Puerto Rican Parrot


In 1493, when Christopher Columbus sailed into the Caribbean island now known as Puerto Rico, he was warmly greeted by the Taíno inhabitants while hundreds of noisy bright-green parrots with beautiful white-ringed eyes, which the Taínos called Higuaca, swooped overhead. It is estimated that the beginning of the sixteenth century, there were nearly a million of these beautiful birds living in the all major habitats of Puerto Rico and the adjacent smaller islands of Culebra, Mona, Vieques, and possibly the Virgin Islands.

Parrots occupied eight major climax or old-growth forest types that covered Puerto Rico and were interspersed only by small, scattered, sandy, or marshy areas near the coast. Parrots nested in cavities of large trees that were plentiful throughout the forests. Fertile, moist lowland forests in the coastal plain as well as forested mountain valleys contained much of the fruits and seeds necessary to feed a thriving parrot population. The forests of Puerto Rico probably supported a parrot population of 100,000-1,000,000 at the end of the 15th century

Today there are less than thirty Amazona vittata living in the wild on the island. Although there are future plans to expand the wild population to other locations on the island, at the moment, the 28,000 acre (19,650 hectare) Caribbean National Forest, known locally as El Yunque, is the sole remaining forest habitat where the few surviving wild Puerto Rican parrots find trees with cavities suitable for nesting and seeds and fruits to forage.

Of the three parrot species that inhabited U.S. territory at the turn of the twentieth century, all but one, the Puerto Rican Parrot became extinct by the 1940’s. The decline of the island’s parrot population over five centuries is directly related to the rise in human population. As more colonists arrived, they cut-down forests and converted land for agriculture. The habitat on which the species depended began to disappear. The remaining parrot population, which had retreated to the Luquillo Mountains, was further threatened when the cutting of forest timber for charcoal production was encouraged beginning in the 1900’s.

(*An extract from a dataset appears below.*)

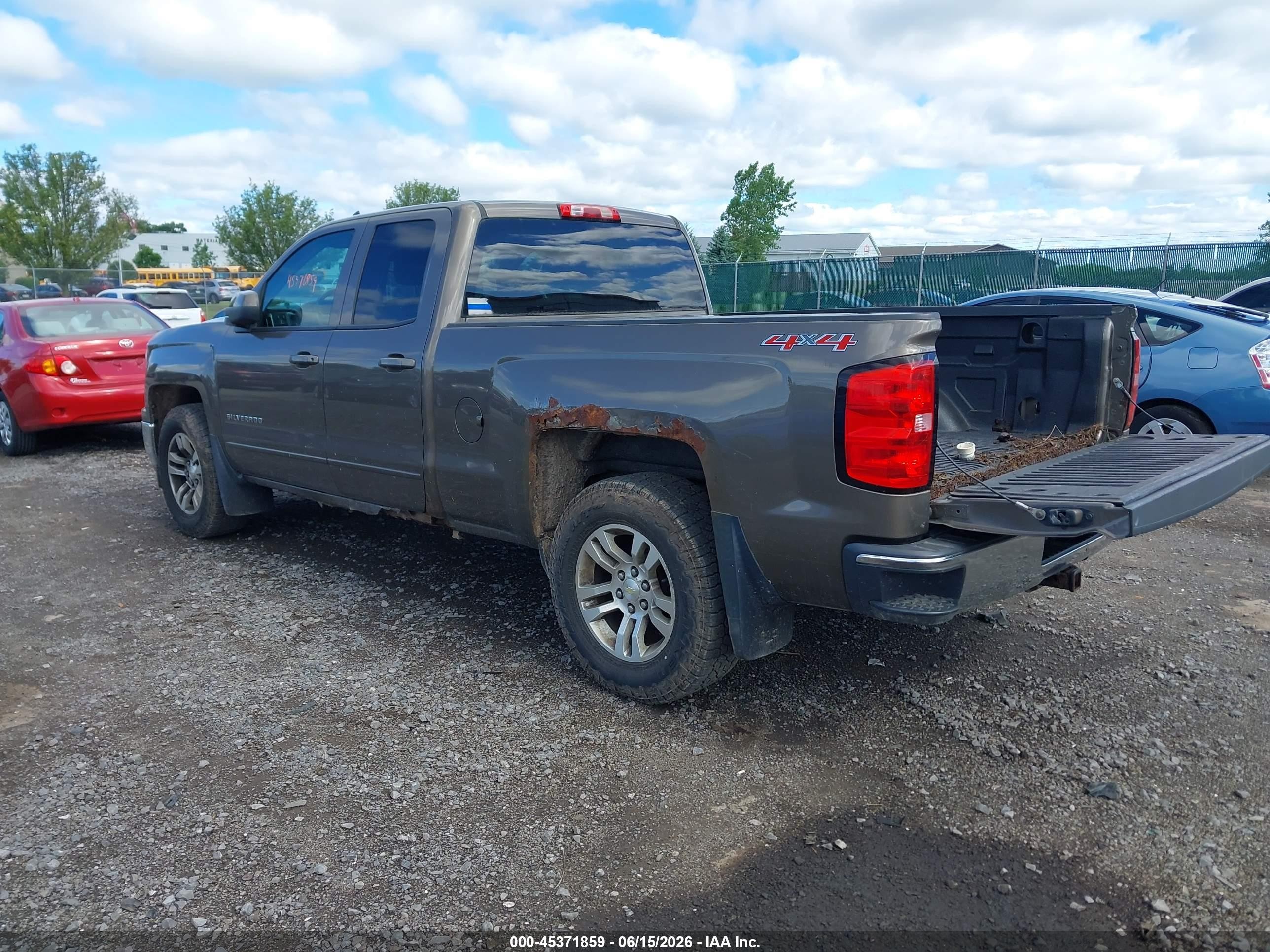 2015 Chevrolet Silverado 1500 Lt Brown vin: 1GCVKREC5FZ233254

The story of the last-ditch recovery effort to save this extraordinary bird from extinction is an amalgam of scientific intervention, agency cooperation and management strategy, which started as a gamble with no guarantee of ultimate success. In 1968, when the Puerto Rican parrot population had dwindled to around two dozen individual birds in the wild, a concerted mutual effort to save the species was launched. Called the Puerto Rican Parrot Recovery Plan, it involved scientists and managers from the US Fish and Wildlife Service, the US Forest Service and the Puerto Rico Department of Natural and Environmental Resources, with added support provided by the World Wildlife Fund. By 1989, the Puerto Rican Parrot Recovery Plan had been in operation for over a decade. Through scientific intervention the parrot population in the wild had increased to 47 birds.

In September 1989,  Hurricane Hugo roared across the Luquillo mountains, destroying more than half the parrots in the wild. By year’s end a small population of 22 birds remained. By early 1994, the wild population had again risen to 39 birds and 6 breeding pairs. Today’s parrot population continues to hover near to that level.